Turkey let Saudi officials clear evidence on Khashoggi’s murder - main opposition
The deputy chair of Turkey’s main opposition Republican People’s Party (CHP) on Thursday accused the Turkish government of ineffectively investigating the murder of Saudi journalist Jamal Khashoggi and turning a blind eye to the kingdom’s officials clearing evidence on crime scene.
Khashoggi, a vocal critic of the Saudi Crown Prince Mohammed bin Salman, was killed inside the Saudi Consulate in Istanbul on Oct. 2. Turkish authorities believe Khashoggi was killed by a 15-man Saudi squad sent from the kingdom while Saudi authorities say the men acted without authority. The journalist’s body has not been found.
UN Special Rapporteur on Extra-Judicial Executions Agnes Callamard on Wednesday shared her report into the murder, calling Khashoggi the victim of a deliberate, premeditated execution, an extrajudicial killing for which the state of Saudi Arabia.
The UN report finds from the moment of the murder, Turkey could have entered the consular building, could have taken action as regards Consul General al-Otaibi, and could have searched the consular residence and vehicles, CHP Deputy Chair Ünal Çeviköz said in a written statement.
In addition to that Turkey “also turned a blind eye on the Saudi Arabian Consular General al-Outaibi’s return to his country, did not search the consular residence although it did not enjoy immunity, and waited for the limited permission that would be provided by Saudi Arabia two weeks after the killing,” the politician said. “The AKP government simply looked on as Saudi officials cleaned up the scene of crime during this time.”
Following the murder, the Turkish government said it had audio and video recordings that detailed Khashoggi’s killing. Turkish President Recep Tayyip Erdoğan said in November that Turkey shared an audio recording with U.S. officials.
“Furthermore, it is remarkable that the UN rapporteur states that her review of audio recordings was limited as the Turkish authorities did not provide the opportunity for a detailed review of audio recordings by the UN delegation,” Çeviköz said.

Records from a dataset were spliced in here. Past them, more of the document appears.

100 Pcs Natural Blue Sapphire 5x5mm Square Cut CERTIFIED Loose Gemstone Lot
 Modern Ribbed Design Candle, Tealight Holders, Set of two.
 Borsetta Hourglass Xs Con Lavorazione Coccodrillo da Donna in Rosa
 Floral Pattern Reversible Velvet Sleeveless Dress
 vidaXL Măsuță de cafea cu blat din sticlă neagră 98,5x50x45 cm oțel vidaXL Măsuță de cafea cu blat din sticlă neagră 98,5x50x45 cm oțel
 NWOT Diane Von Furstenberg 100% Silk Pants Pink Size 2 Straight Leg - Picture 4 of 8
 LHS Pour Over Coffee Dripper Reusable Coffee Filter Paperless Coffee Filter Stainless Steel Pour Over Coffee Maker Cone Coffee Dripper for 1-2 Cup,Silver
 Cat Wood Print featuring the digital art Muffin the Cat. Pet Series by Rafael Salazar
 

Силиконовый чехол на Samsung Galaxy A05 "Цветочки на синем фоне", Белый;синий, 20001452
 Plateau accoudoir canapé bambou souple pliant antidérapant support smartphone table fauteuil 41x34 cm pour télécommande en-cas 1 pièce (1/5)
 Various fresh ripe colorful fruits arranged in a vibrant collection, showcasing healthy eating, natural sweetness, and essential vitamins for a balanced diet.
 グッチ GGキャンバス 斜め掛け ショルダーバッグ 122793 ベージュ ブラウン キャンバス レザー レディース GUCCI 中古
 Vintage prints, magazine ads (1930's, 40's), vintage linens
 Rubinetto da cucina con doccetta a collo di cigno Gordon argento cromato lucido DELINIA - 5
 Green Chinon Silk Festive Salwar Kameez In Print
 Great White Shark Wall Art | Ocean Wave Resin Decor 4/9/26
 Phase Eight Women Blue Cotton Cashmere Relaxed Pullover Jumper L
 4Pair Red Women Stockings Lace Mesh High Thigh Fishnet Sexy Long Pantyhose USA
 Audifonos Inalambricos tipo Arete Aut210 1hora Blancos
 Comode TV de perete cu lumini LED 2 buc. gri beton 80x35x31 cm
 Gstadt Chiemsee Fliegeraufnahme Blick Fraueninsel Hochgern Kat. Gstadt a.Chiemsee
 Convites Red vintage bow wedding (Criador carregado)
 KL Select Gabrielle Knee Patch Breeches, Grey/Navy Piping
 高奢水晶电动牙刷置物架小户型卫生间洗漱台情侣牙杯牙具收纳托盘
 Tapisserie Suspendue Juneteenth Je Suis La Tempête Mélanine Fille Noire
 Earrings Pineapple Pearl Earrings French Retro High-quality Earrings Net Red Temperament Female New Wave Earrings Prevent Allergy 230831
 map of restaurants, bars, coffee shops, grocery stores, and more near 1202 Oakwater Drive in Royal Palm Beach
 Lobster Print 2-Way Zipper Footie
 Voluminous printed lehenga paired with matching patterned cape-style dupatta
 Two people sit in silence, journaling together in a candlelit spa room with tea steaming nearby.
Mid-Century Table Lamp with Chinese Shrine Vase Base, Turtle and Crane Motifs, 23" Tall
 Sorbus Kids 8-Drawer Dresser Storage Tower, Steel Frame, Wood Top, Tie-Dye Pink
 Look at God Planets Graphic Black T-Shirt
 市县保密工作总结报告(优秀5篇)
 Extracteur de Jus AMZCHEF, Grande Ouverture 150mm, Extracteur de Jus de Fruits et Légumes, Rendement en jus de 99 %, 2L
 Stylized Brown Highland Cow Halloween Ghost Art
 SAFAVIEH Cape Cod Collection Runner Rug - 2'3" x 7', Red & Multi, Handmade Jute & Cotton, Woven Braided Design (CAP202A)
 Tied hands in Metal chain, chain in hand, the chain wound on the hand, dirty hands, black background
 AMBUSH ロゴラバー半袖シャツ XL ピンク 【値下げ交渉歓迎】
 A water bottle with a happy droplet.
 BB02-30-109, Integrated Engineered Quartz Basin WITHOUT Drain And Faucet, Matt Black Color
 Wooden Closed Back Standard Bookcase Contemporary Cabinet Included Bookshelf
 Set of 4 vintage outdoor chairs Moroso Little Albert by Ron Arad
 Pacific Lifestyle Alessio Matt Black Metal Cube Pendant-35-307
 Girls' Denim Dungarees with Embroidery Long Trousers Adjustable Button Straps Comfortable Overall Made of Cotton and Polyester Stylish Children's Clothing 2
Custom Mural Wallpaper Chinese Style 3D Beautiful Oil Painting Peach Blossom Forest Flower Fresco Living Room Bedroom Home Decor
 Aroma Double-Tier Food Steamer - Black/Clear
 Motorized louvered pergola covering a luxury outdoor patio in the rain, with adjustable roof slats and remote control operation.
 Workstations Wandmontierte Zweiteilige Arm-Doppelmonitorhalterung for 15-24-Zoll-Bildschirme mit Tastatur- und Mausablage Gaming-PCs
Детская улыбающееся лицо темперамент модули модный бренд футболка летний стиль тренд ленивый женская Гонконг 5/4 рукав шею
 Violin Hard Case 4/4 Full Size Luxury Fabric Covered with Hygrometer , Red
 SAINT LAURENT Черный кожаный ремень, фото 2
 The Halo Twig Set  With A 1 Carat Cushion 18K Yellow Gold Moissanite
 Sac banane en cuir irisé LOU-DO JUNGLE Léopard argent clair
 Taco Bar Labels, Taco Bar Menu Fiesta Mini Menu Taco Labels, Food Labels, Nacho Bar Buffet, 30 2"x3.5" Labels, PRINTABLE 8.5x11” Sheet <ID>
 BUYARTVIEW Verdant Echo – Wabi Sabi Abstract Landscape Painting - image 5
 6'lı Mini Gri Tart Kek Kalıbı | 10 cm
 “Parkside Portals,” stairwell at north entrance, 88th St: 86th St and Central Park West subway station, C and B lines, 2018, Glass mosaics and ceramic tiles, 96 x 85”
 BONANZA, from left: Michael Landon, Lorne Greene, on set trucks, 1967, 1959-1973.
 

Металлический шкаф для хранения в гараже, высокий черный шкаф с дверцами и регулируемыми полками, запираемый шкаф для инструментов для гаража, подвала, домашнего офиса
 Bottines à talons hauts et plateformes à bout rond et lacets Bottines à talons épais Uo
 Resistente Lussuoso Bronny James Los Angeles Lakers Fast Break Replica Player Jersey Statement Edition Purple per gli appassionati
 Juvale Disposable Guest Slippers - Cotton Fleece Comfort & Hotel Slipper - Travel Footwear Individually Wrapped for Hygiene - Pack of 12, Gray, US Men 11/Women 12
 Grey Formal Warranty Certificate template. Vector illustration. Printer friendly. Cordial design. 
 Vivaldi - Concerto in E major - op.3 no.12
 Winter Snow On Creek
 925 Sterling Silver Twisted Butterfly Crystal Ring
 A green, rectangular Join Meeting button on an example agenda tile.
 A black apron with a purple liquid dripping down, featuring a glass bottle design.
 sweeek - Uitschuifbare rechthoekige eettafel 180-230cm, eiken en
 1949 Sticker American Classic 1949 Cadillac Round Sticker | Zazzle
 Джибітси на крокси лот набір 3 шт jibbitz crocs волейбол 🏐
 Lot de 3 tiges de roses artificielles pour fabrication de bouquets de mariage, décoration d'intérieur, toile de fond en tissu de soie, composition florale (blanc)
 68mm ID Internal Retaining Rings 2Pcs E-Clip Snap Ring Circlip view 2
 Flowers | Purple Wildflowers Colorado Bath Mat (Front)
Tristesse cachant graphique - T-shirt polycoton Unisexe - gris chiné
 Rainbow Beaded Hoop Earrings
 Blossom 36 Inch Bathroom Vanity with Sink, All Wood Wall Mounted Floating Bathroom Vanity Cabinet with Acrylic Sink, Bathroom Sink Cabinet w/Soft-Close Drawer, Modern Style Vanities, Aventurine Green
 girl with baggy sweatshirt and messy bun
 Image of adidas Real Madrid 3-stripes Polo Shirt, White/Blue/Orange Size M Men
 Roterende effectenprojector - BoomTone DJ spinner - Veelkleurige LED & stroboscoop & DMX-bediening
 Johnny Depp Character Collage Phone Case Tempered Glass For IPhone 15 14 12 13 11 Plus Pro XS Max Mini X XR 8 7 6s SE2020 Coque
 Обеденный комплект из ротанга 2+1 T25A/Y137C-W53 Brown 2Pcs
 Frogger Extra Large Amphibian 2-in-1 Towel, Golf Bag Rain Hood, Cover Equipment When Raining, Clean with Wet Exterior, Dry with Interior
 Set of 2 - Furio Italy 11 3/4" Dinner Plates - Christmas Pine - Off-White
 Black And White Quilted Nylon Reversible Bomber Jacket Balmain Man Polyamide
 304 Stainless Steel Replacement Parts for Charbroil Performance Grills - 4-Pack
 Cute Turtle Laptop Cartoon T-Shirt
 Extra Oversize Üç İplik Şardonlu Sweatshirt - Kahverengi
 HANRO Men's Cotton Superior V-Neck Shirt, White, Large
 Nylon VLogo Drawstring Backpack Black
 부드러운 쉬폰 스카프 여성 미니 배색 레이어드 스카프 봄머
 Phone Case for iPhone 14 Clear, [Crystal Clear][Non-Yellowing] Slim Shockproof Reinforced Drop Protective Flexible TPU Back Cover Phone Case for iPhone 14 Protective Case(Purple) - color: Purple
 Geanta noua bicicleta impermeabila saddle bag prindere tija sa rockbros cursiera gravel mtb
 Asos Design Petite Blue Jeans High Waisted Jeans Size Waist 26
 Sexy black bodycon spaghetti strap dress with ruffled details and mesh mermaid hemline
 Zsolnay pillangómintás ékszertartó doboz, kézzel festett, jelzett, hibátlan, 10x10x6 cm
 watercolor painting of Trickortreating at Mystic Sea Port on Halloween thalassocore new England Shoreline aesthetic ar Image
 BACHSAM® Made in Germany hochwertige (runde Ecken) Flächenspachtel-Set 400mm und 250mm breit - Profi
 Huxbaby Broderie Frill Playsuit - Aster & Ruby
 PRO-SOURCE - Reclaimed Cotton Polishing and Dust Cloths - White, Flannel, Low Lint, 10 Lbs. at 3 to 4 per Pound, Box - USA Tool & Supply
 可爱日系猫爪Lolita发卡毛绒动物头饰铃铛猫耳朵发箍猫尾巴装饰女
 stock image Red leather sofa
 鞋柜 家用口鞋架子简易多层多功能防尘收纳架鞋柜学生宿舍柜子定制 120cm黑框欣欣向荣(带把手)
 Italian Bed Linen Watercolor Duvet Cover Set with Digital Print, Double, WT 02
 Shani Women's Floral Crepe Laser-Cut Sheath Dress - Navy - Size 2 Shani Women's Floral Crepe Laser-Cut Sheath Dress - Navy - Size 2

According to Çeviköz, Callamard’s report said Erdoğan’s public statements impacted the independence of the investigation and that Turkey feared retaliation by Saudi Arabia.
Moreover, the UN report argues that the imprisonment of journalists in Turkey and restrictions on freedom of expression weakened Turkey’s accountability.
“Failing to fulfil its responsibilities on this issue up until now, the AKP government must now start taking the necessary steps by first officially requesting the United Nations Secretary General to investigate the event,” Çeviköz said.